La création d’un ministère de l’Immigration, de l’Intégration et de l’Identité nationale, en mai 2007, parachève cette approche de la question qui revient à faire des immigrés les perturbateurs de l’identité nationale. L’analyse des discours de campagne du candidat Sarkozy permet de révéler une nouvelle approche nationaliste. L’identité française est présentée comme un sentiment, une « terre charnelle », mais aussi le fruit de valeurs républicaines, qui permettent d’assurer une certaine continuité temporelle. Cette définition vise à combiner d’une certaine manière l’héritage de Barrès et de Jaurès. Les apports de populations étrangères dans l’histoire du pays sont pour partie reconnus, mais c’est aussitôt pour présenter comme une évidence que l’intégration des immigrés d’aujourd’hui est un échec. Ces immigrés sont présentés au travers de deux figures, le clandestin et le communautariste. Comme avec le Front national, la vérité du discours ne réside pas seulement dans les formulations explicites, mais aussi dans sa réception au sein du public qu’il vise, et donc des sous-entendus.

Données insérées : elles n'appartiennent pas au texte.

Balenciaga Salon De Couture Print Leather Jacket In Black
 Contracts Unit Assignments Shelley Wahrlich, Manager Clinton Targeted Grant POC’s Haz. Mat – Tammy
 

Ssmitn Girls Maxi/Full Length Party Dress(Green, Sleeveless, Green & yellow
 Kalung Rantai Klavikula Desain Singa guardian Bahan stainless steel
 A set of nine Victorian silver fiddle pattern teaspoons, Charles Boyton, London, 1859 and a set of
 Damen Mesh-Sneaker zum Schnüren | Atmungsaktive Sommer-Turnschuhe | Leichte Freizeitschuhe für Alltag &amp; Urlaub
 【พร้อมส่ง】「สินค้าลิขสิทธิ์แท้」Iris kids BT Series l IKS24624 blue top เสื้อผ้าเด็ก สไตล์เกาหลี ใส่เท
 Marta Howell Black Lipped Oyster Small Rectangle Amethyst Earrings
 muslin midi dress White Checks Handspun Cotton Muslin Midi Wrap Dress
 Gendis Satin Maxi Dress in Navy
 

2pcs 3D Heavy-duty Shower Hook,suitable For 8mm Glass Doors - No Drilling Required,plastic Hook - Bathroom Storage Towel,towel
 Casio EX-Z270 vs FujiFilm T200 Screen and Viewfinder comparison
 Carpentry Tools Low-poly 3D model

2017 : ROMAN NATIONAL ET PATRIOTISME

Paru en 2007, le livre de Gérard Noiriel présente l’intérêt majeur de montrer que la légitimation du discours d’extrême droite sur l’identité nationale n’est pas récente, mais qu’elle s’inscrit dans un mouvement profond de résurgence de la droite nationale. Ce livre gagnerait à être prolongé pour intégrer les dernières évolutions de la décennie écoulée. Il apparaît en effet que le débat actuel posé dans le cadre des présidentielles plonge ses racines dans l’histoire de ce thème. L’éloge du « roman national » par François Fillon vise à réactiver une identité conservatrice telle qu’elle fut formulée à la fin du XIXe siècle. Bruno Retailleau, fidèle soutien de François Fillon et ancien lieutenant de Philippe de Villiers, écrit régulièrement pour pourfendre le multiculturalisme et la diversité face à la « tradition séculaire d’unité ». Le rôle de la droite serait « d’affirmer une certaine verticalité du pouvoir, le rétablissement de nos cadres collectifs ». Dans cette perspective, la religion dépasse le cadre culturel pour être un des ciments de l’univers culturel du pays. Cette conception est une réactivation de la pensée de Maurice Barrès.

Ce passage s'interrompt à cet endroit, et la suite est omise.